I'm not sure if going specifically into all of your points right here is the
best way forward. But suffice to say I am very happen to hear them :)

> the abstractions are wrong and most of the code probably relies on some
> hidden state that's really hard to debug unless you're the code author.

This is very much spot on, definitely something I want to work on.

\-----

The main reason that everything is so spread out (plugins, web API, internal
API, etc. etc) is because a ton of people are doing different things with it.

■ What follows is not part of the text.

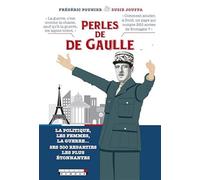 Les perles de De Gaulle: la politique, la guerre, les femmes, les francais...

99% of the people only touch the basics, and they don't need to touch any
config file, they can go through the UI that handles all of it automatically
(Gekko is focused on tech savy but not perse professional programmers). They
don't know what (my concept of) a plugin is, and they don't care about any API
(nor any version for that matter).

It's about the other 1% who are kind of spread out over:

\- people who want to hook into certain lifecycles (to push certain data to
google spreadsheets[1] for example)

\- people who only use subparts of the app, for example to have something that
can fetch normalized market data from a number of different websites <\- this
is a big part of the project, but not the sole, hence it should not dictate
versioning.

\- Or people who only want to create their own prediction making logic (with
AI or whatever) and use the execution logic of my app. <\- in the process of
pulling this out as a standalone library.

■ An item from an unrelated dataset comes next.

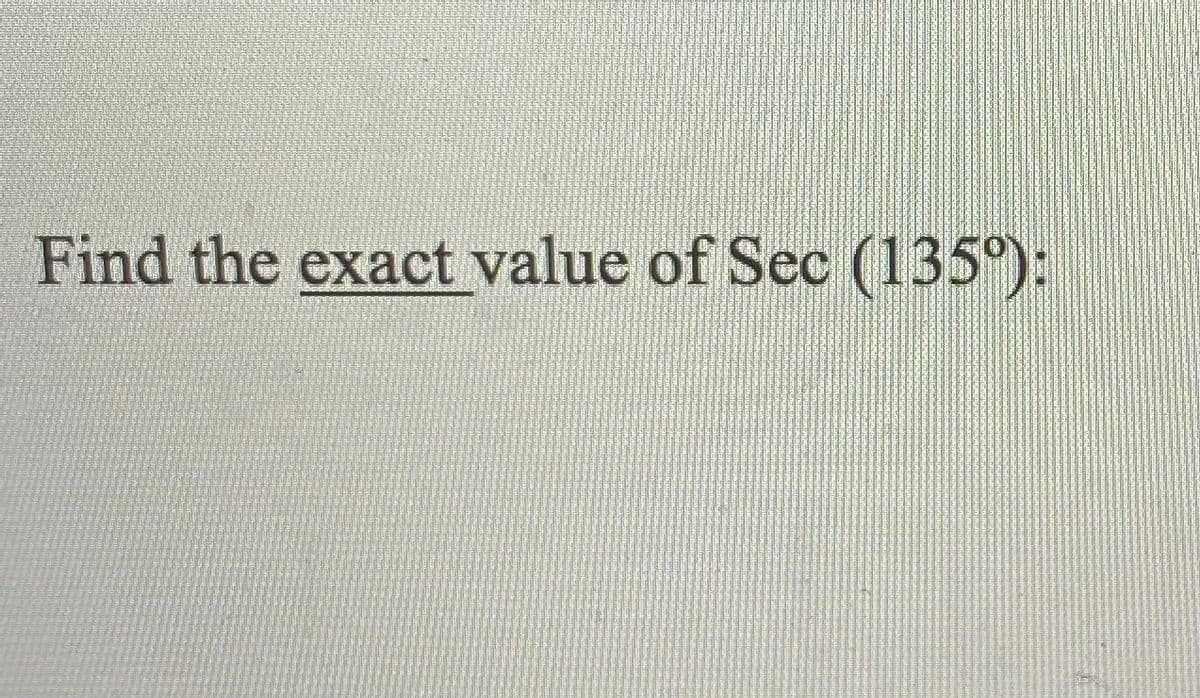 Find the exact value of Sec (135°):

\- people building tools on top of the web API that bruteforces a problem
space to figure out new solutions[2].

So all the people that care about the versioning (not the 99%) are exactly the
hobby DIY hacking people who want to open it up and take it apart. And it
feels impossible to steer them into "don't touch this because the interface is
not a standardized API".

\-----

The main thing I am going to do now is rethink the entire config strategy,
because it's a huge mess and I think I am the only one who understands it[3].

[1]: [https://github.com/RJPGriffin/google-forms-gekko-
plugin](https://github.com/RJPGriffin/google-forms-gekko-plugin)

[2]:
[https://forum.gekko.wizb.it/thread-56589.html](https://forum.gekko.wizb.it/thread-56589.html)

[3]:
[https://github.com/askmike/gekko/issues/956](https://github.com/askmike/gekko/issues/956)

------
3pt14159
This is a great piece. I think my only addition to it is to point out two
small insights.

1\. SemVer works great in some communities (Ruby) and shit in others (Python).
Generally the more computer sciency the community the better I find the
SemVer'ing. Python has a bunch of scientists using it, so it's less reliable,
even if many of the core libraries follow it pretty well.

2\. Apps, plugins, frameworks, and libraries are different things with
different SemVer strategies. With a paid app versioning is often a marketing
decision. Framework plugins versioning is often a "match the framework to
reduce mental burden" decision. Whereas frameworks and libraries I find a much
higher adherence to what SemVer strives to do.